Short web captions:
########
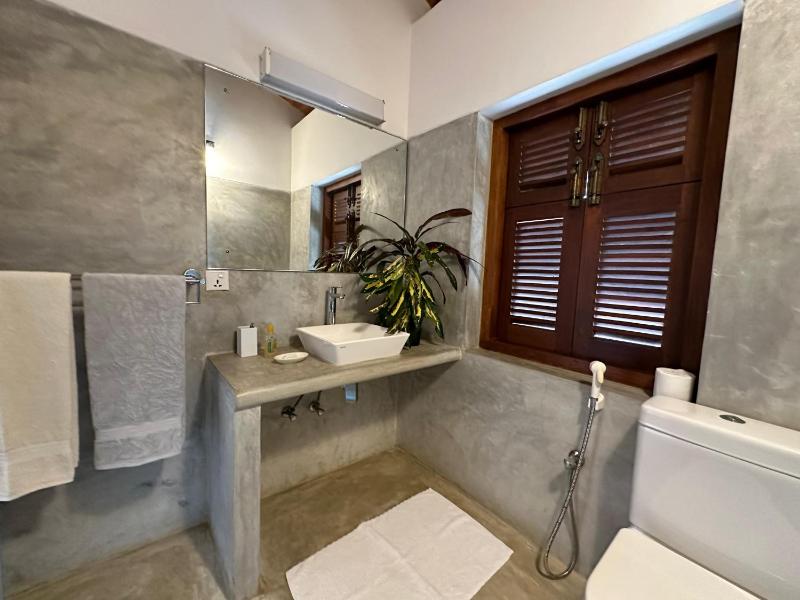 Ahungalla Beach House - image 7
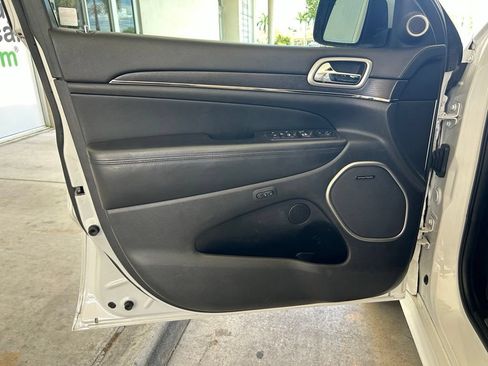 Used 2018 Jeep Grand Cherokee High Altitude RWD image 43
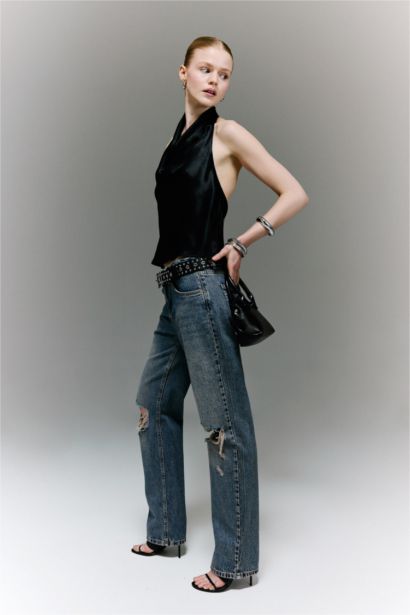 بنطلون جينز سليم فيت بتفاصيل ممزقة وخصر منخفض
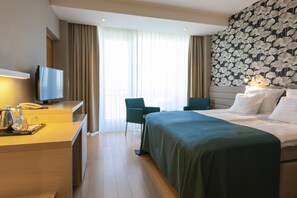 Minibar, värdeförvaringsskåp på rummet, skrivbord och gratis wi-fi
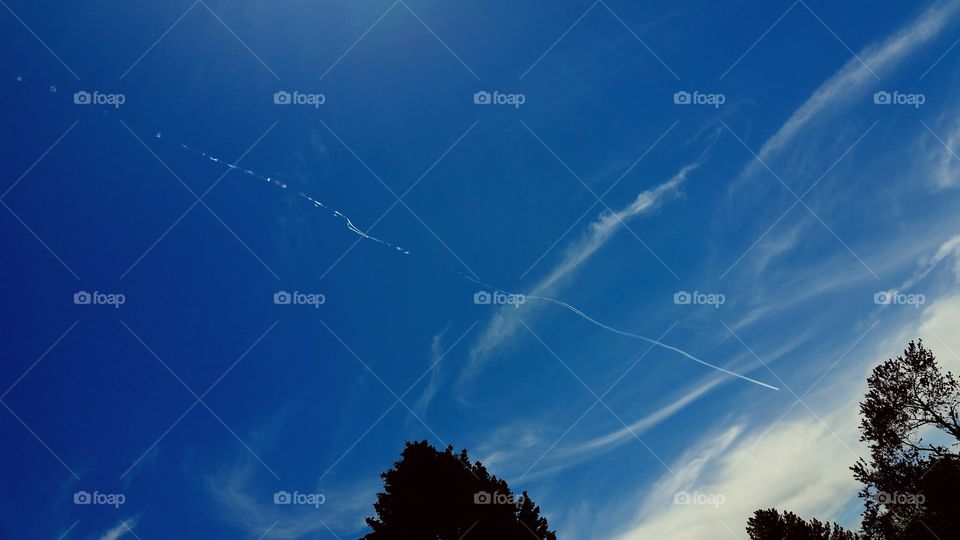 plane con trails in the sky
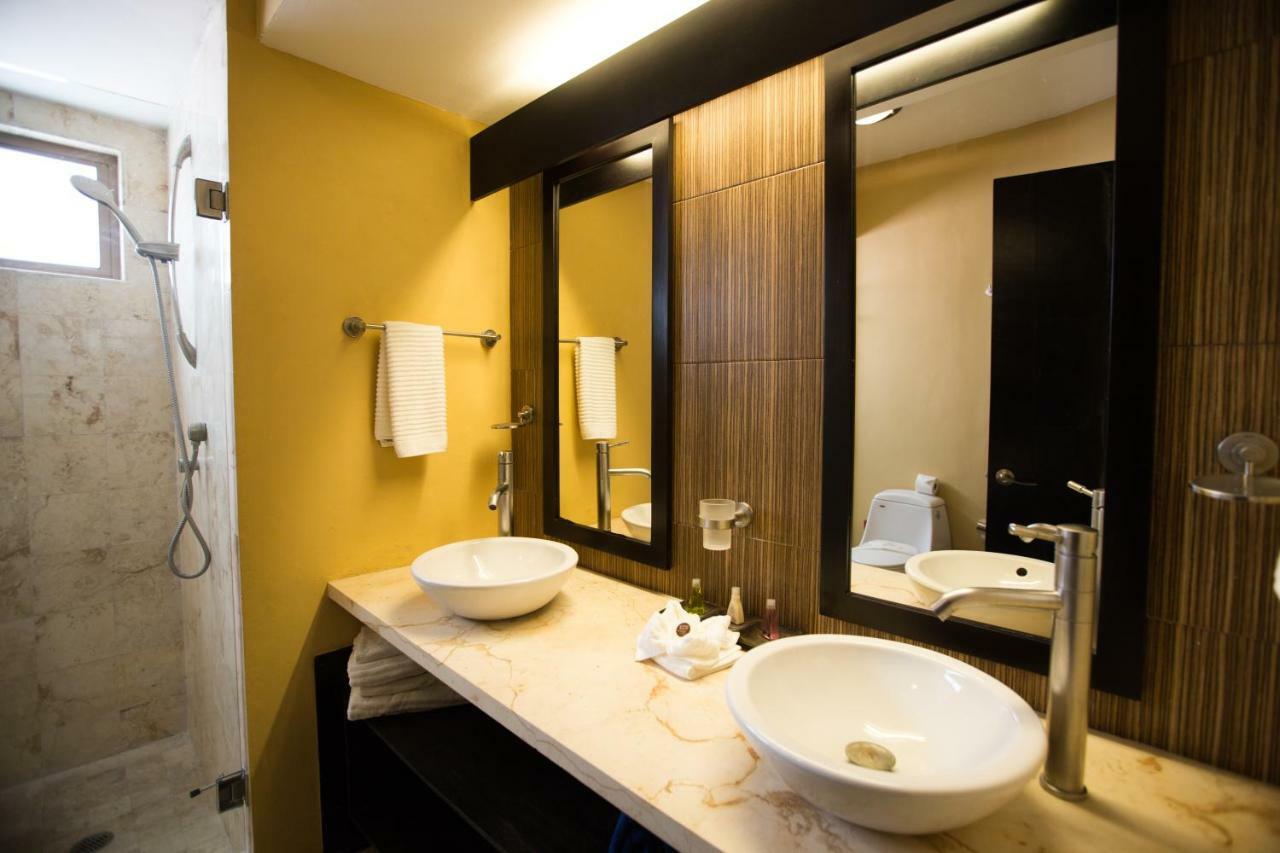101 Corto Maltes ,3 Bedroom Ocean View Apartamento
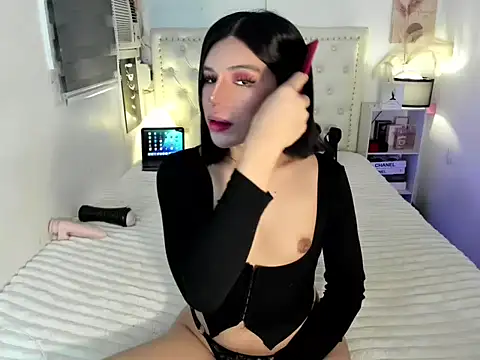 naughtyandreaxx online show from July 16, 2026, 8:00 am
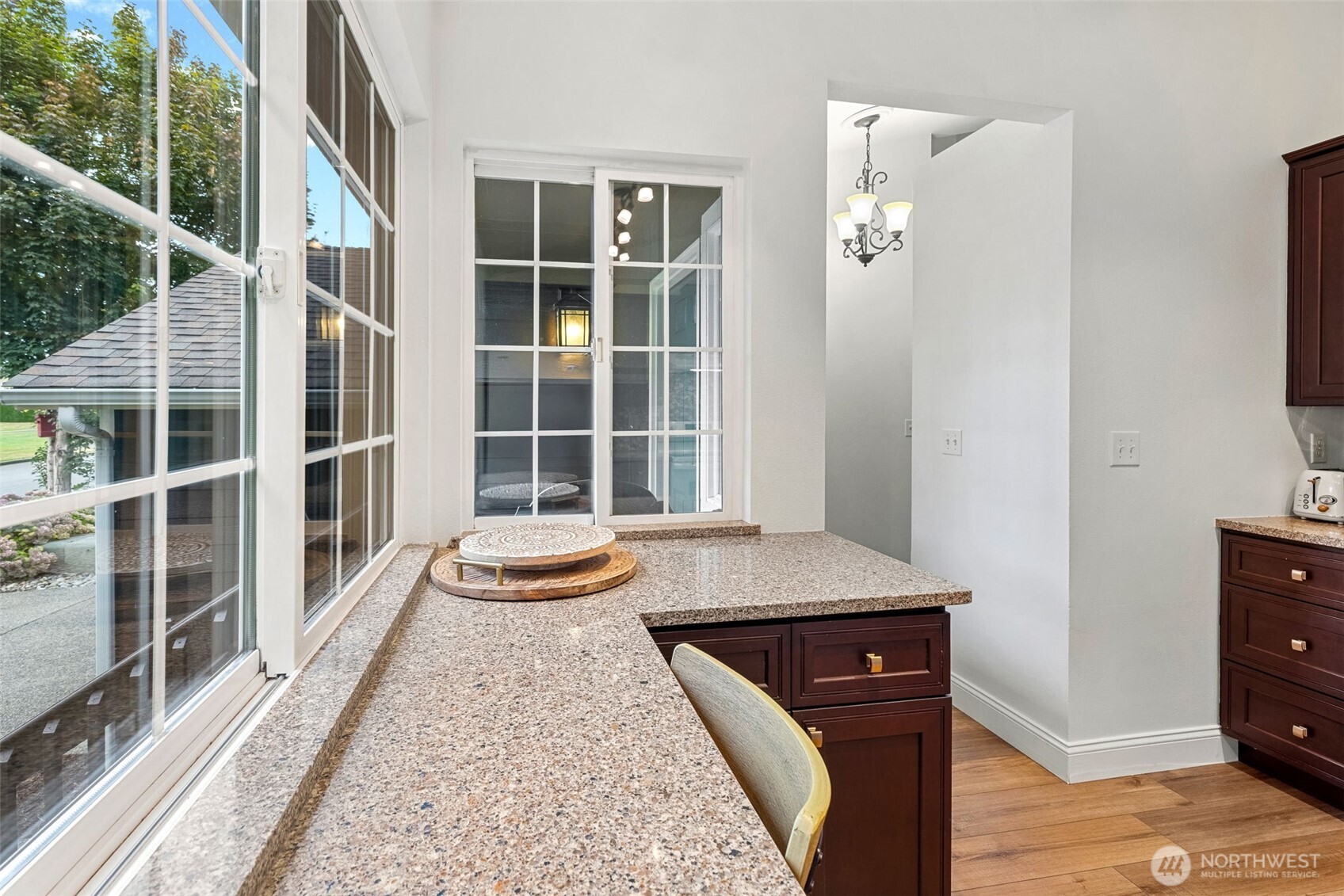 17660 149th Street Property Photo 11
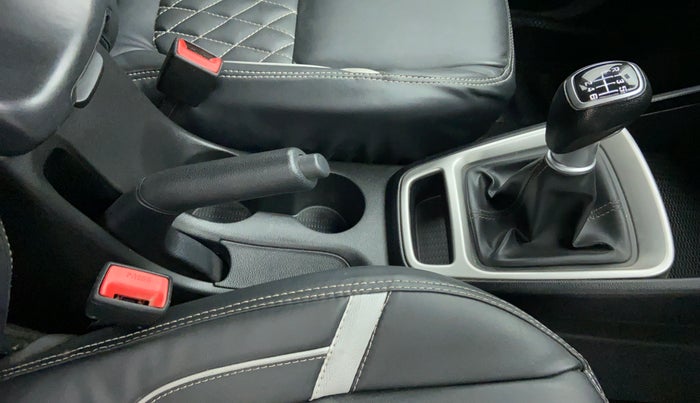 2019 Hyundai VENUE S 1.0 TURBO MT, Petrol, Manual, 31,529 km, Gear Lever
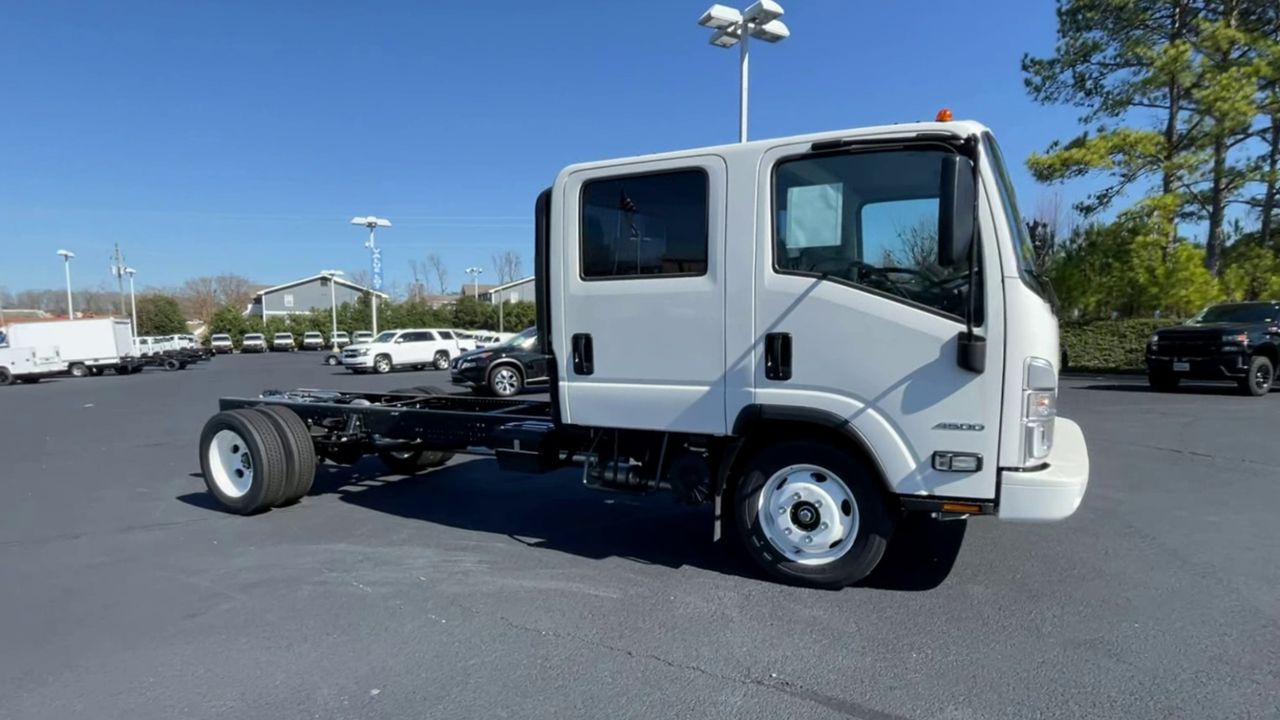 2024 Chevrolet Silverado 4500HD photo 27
########
The problem » Repeat each entry precisely as it appears. Leave the pictures out.

Answer to this problem »
 Ahungalla Beach House - image 7
 Used 2018 Jeep Grand Cherokee High Altitude RWD image 43
 بنطلون جينز سليم فيت بتفاصيل ممزقة وخصر منخفض
 Minibar, värdeförvaringsskåp på rummet, skrivbord och gratis wi-fi
 plane con trails in the sky
101 Corto Maltes ,3 Bedroom Ocean View Apartamento
 naughtyandreaxx online show from July 16, 2026, 8:00 am
 17660 149th Street Property Photo 11
 2019 Hyundai VENUE S 1.0 TURBO MT, Petrol, Manual, 31,529 km, Gear Lever
 2024 Chevrolet Silverado 4500HD photo 27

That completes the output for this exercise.